Toxic legacy

The fight to end environmental racism in Canada.

Smoke and ash filled the air when garbage was incinerated at the Shelburne dump, residents say [Megan O'Toole/Al Jazeera]
Smoke and ash filled the air when garbage was incinerated at the Shelburne dump, residents say [Megan O'Toole/Al Jazeera]

This story was produced in partnership with the Pulitzer Center on Crisis Reporting and the Institute for Journalism & Natural Resources.

Aamjiwnaang First Nation - When industrial warning sirens blare through Chemical Valley, Arnold Norman Yellowman hears the neighbourhood dogs howling in this small Indigenous community in southern Ontario, Canada. “They actually sing with the sirens,” he says.

Yellowman, 38, has developed a deep - and profoundly undesired - connection with the pollution surrounding his family in Aamjiwnaang First Nation. When trucks rumble along the road at night, the vibrations resonate throughout the home he shares with his partner and their three young children. When he steps out onto his sunny back porch, he can sense the chemicals in the wind.
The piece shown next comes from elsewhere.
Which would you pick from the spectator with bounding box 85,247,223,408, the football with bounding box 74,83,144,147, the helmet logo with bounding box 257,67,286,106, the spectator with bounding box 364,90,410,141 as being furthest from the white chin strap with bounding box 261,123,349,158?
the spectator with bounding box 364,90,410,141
Arnold Norman Yellowman says he is deeply concerned by the pollution surrounding his family in Aamjiwnaang First Nation [Jillian Kestler-D'Amours/Al Jazeera]

“That’s the north wind. It comes from Esso or Imperial Oil,” Yellowman tells Al Jazeera, tracing his finger across the sky. “If the wind blows from this direction, it’s Suncor - used to be Dow. And if the wind blows over this way, it’s Shell, ethanol, Dupont. If it blows from the south, it’s Nova Chemicals.”
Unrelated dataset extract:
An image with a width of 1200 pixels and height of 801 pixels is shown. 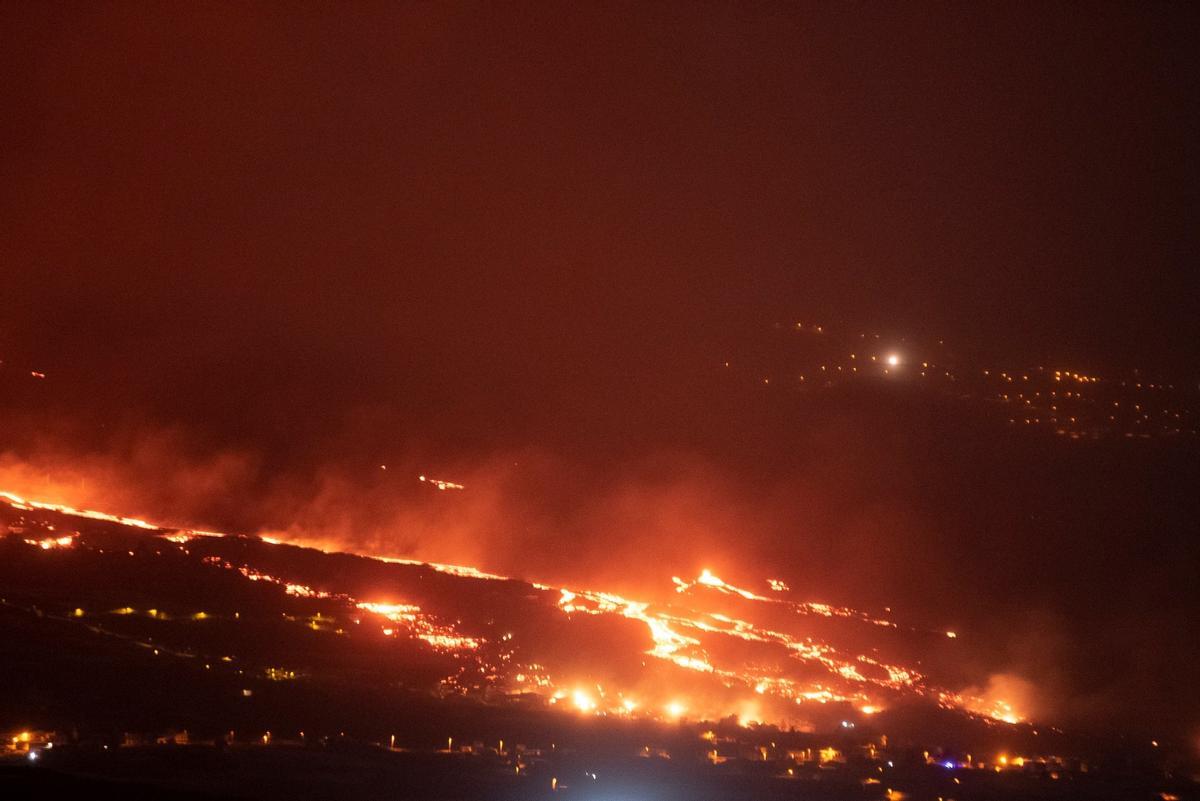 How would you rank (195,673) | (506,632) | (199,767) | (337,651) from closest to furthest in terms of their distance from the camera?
(199,767) < (195,673) < (337,651) < (506,632)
Yellowman, who has lived in Aamjiwnaang for close to three decades, worries acutely about the health effects of growing up in one of Canada’s most heavily industrialised areas.
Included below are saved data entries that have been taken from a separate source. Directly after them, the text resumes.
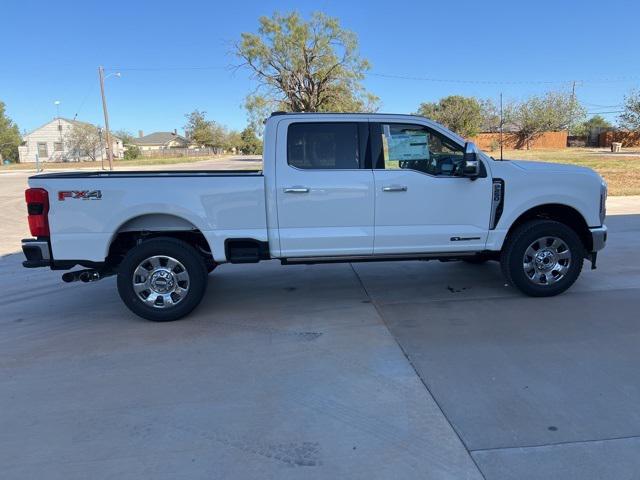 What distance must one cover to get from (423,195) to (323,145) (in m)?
1.15

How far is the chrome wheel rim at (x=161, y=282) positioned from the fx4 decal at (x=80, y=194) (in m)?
0.77

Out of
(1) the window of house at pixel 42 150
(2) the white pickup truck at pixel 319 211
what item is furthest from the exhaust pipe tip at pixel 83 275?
(1) the window of house at pixel 42 150

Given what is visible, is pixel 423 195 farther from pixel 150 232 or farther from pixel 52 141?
pixel 52 141

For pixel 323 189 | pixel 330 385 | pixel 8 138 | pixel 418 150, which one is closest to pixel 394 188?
pixel 418 150

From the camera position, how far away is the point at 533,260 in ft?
18.1

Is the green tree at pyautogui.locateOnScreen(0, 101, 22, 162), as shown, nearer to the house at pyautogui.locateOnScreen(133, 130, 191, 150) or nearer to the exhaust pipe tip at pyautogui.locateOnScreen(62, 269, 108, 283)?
the house at pyautogui.locateOnScreen(133, 130, 191, 150)

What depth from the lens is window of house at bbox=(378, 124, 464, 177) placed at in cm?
524

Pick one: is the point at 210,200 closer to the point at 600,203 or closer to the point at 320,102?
the point at 600,203

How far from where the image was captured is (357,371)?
12.8ft

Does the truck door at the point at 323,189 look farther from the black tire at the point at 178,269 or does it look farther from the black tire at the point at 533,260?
the black tire at the point at 533,260

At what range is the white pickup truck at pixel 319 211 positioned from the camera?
486 centimetres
Chemical Valley is centred around Sarnia, Ontario, a city of about 74,000 people at the southern tip of Lake Huron, just across the border from the US state of Michigan. Aamjiwnaang, home to about 900 people living on the reserve, is a short drive from the city centre past rows of towering oil storage tanks, gas flares spitting flames into the sky, and other fenced-in infrastructure. Speakers are affixed atop tall wooden poles throughout the community, ready to blare warning sirens in an emergency.

In 2016, more than three dozen petroleum refineries, petrochemical plants and energy facilities operated within a 25km (15.5-mile) radius of the First Nation, according to a recent report by environmental group Ecojustice. That figure included 23 facilities that emitted more than 50 tonnes of air pollutant per year. In total, Sarnia-area facilities emitted more than 45,300 tonnes of air pollutant that year - about 10 percent of total emissions across the province of Ontario. Chemical Valley accounts for about 40 percent of Canada’s chemical industry.